Could every line below be transcribed exactly, with the pictures dropped?

## THE DATA
# # # #

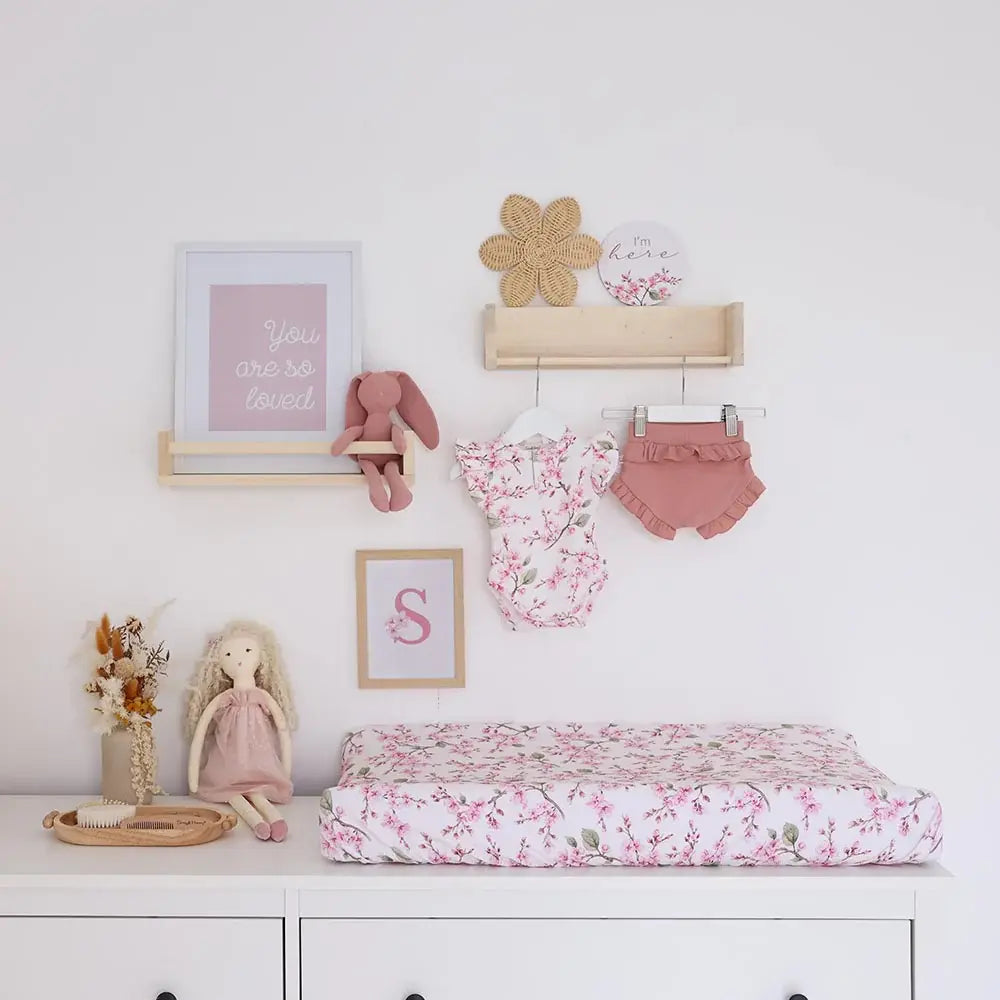 Bassinet Sheet / Change Pad Cover Cherry Blossom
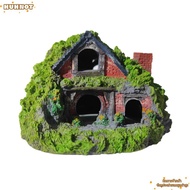 HUHNOT Aquarium Decoration, Simulation Thatched House Hobbit House, Aquatic Resin Betta Hideout Cave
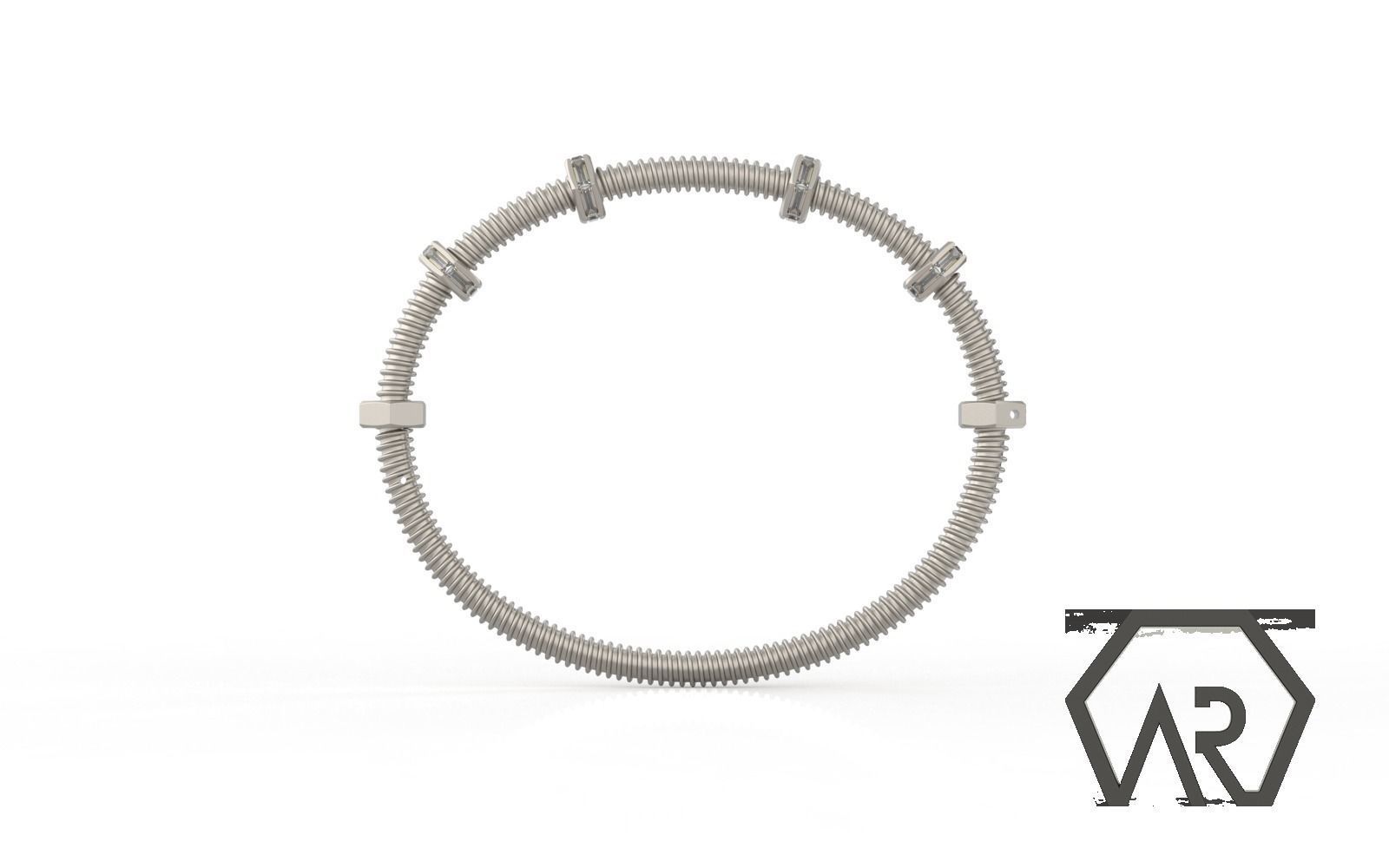 Woman Bracelet  3D print model D39 3D print model 3D print model_6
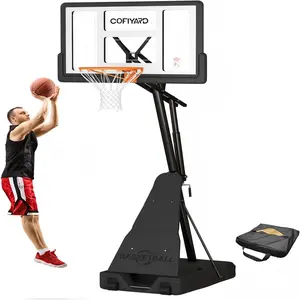 COFIYARD Outdoor Basketball Hoop 44/54-inch Shatterproof Backboard 5.25-10 Feet Height Adjustable Portable System with Wheels Durable for Teens & Adults SpringStatements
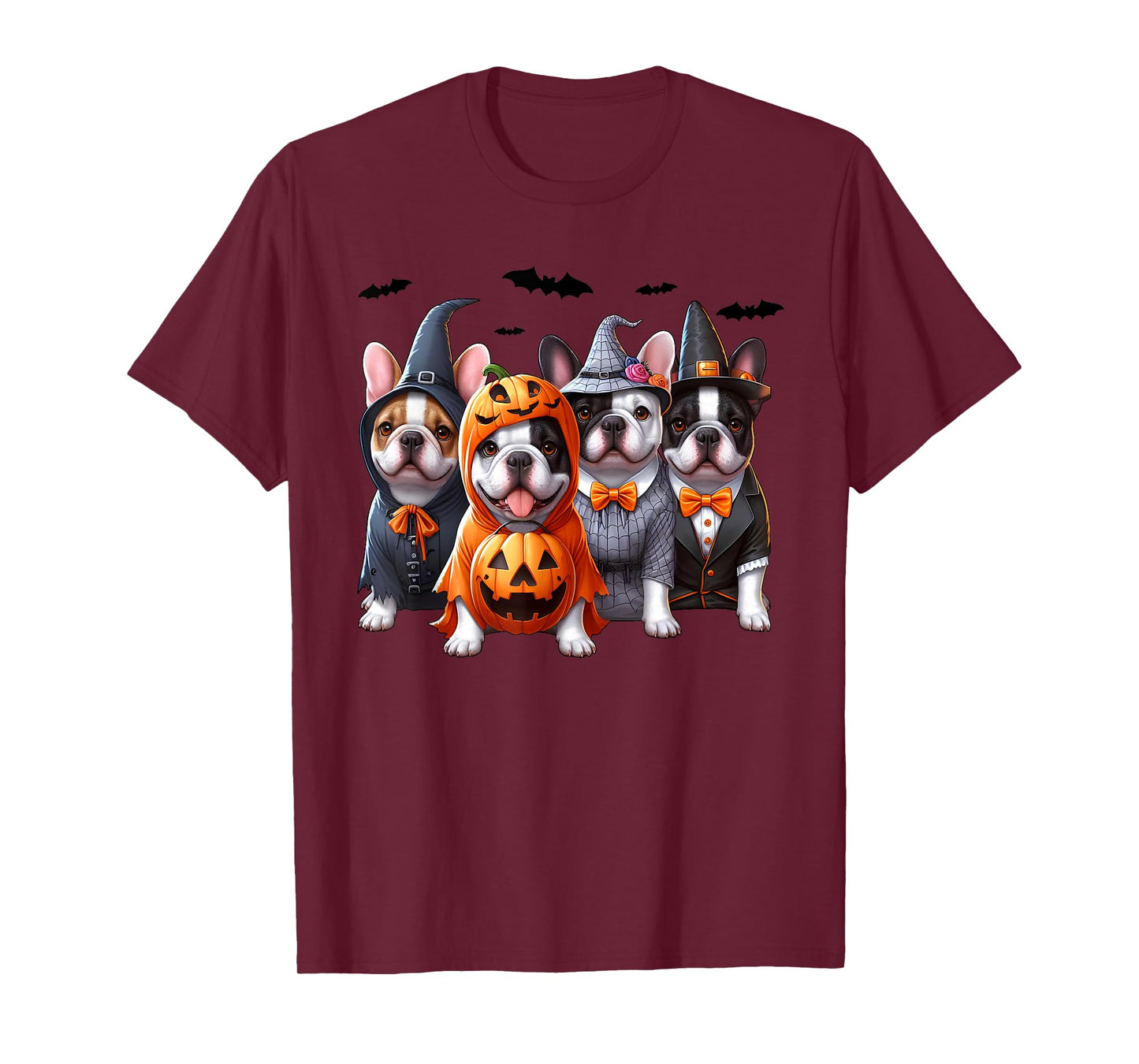 Frenchie Ghost And Witch Dog, French Bulldog Halloween Boo Men Women Kids T-Shirt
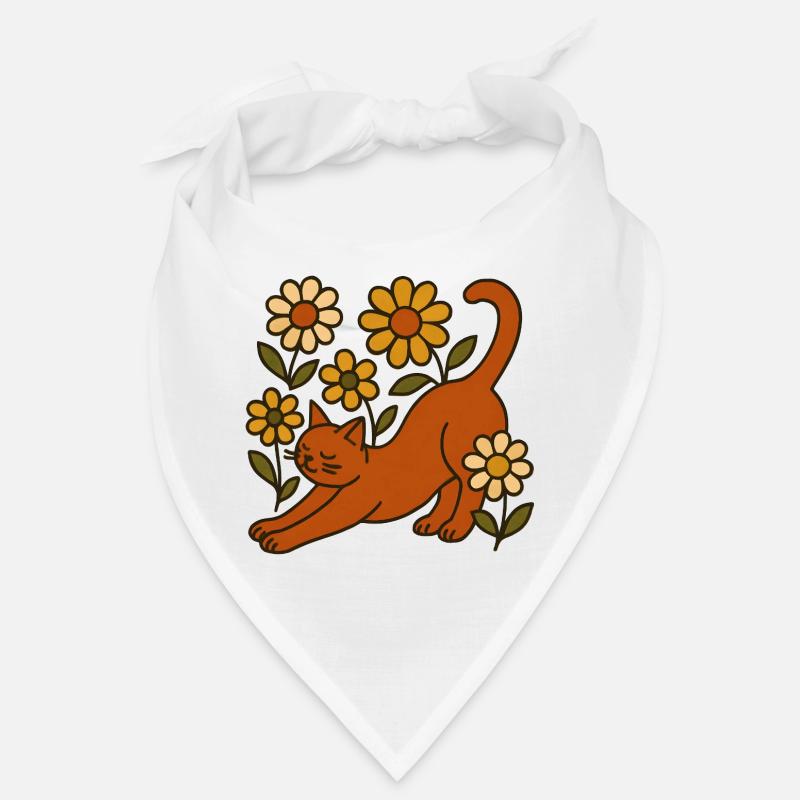 Orangene Katze zwischen Gartendaisies Bandana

# # # #

## ANSWER SECTION
 Bassinet Sheet / Change Pad Cover Cherry Blossom
 HUHNOT Aquarium Decoration, Simulation Thatched House Hobbit House, Aquatic Resin Betta Hideout Cave
 Woman Bracelet  3D print model D39 3D print model 3D print model_6
 COFIYARD Outdoor Basketball Hoop 44/54-inch Shatterproof Backboard 5.25-10 Feet Height Adjustable Portable System with Wheels Durable for Teens & Adults SpringStatements
 Frenchie Ghost And Witch Dog, French Bulldog Halloween Boo Men Women Kids T-Shirt
 Orangene Katze zwischen Gartendaisies Bandana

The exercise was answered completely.